Chess.com confirms a restricted information breach affecting 4,500 customers after a third-party file switch instrument was compromised. No passwords or funds uncovered.
Chess.com has confirmed {that a} latest incident uncovered data belonging to simply over 4,500 customers after attackers gained unauthorised entry via a third-party file switch software earlier this summer time.
Despite the fact that the breach solely impacted a small portion of Chess.com’s 150 million customers, it’s nonetheless regarding for the reason that web site has suffered a number of information breaches lately.
The corporate defined that the breach passed off in two separate assaults on June 5 and June 18 2025. Investigators decided that attackers focused a file switch instrument, not Chess.com’s personal programs, which helped restrict the size of publicity.

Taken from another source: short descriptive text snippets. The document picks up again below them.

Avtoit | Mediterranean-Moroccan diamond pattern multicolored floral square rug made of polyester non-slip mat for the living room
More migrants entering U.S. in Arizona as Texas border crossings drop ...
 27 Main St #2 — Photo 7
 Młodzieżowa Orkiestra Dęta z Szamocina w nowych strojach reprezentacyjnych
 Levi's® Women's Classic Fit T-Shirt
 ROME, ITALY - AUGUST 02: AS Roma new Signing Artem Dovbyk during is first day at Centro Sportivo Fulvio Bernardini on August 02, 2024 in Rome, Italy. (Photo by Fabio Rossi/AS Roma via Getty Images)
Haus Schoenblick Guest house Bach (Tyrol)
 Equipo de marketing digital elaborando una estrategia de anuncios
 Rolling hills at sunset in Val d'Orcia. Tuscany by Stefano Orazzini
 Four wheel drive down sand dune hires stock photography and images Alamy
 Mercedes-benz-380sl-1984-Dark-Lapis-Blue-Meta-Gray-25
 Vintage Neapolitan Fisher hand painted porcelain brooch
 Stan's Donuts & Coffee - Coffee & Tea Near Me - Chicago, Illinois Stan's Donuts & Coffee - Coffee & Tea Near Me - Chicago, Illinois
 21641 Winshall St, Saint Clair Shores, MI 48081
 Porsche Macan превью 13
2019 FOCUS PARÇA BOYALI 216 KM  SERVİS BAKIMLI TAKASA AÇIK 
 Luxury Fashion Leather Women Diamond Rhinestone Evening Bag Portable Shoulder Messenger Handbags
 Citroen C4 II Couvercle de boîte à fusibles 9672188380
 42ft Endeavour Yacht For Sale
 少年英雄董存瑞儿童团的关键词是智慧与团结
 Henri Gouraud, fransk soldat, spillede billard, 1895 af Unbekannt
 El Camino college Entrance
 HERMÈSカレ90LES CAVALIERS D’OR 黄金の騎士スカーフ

In response to Chess.com, no account credentials, passwords, or cost information had been affected. As an alternative, the compromised recordsdata contained names and different identifiers. The platform says its most important programs stay safe, and that the breach didn’t have an effect on the power of members to log in or play.
Notifications in regards to the breach started going out to impacted customers on September 3. Alongside these notices, Chess.com mentioned it has concerned federal regulation enforcement, employed exterior cybersecurity specialists to research, and is providing free identification safety providers to assist customers control potential misuse of their data.
Earlier Cybersecurity Points with Chess.com
For long-time gamers, this isn’t the primary time they’ve heard of their platform going through cybersecurity troubles. In 2021, researchers recognized a flaw that might have uncovered the information of fifty million Chess.com customers, but it surely was responsibly reported to the corporate and by no means abused by attackers.
On November 10, 2023, hackers posted 800,000 scraped Chess.com consumer data on a hacking discussion board. Simply two days later, one other 476,000 data appeared on the identical web site. Chess.com later defined to Hackread.com that the leaks had been the results of API abuse relatively than a direct system breach.
However, the distinction with the 2025 breach is that it originated from a third-party vendor, not from automated scraping or credential leaks. Plus, it solely features a few hundred customers’ information. But, gamers ought to stay alert, use robust, distinctive passwords, and look ahead to suspicious exercise linked to their accounts.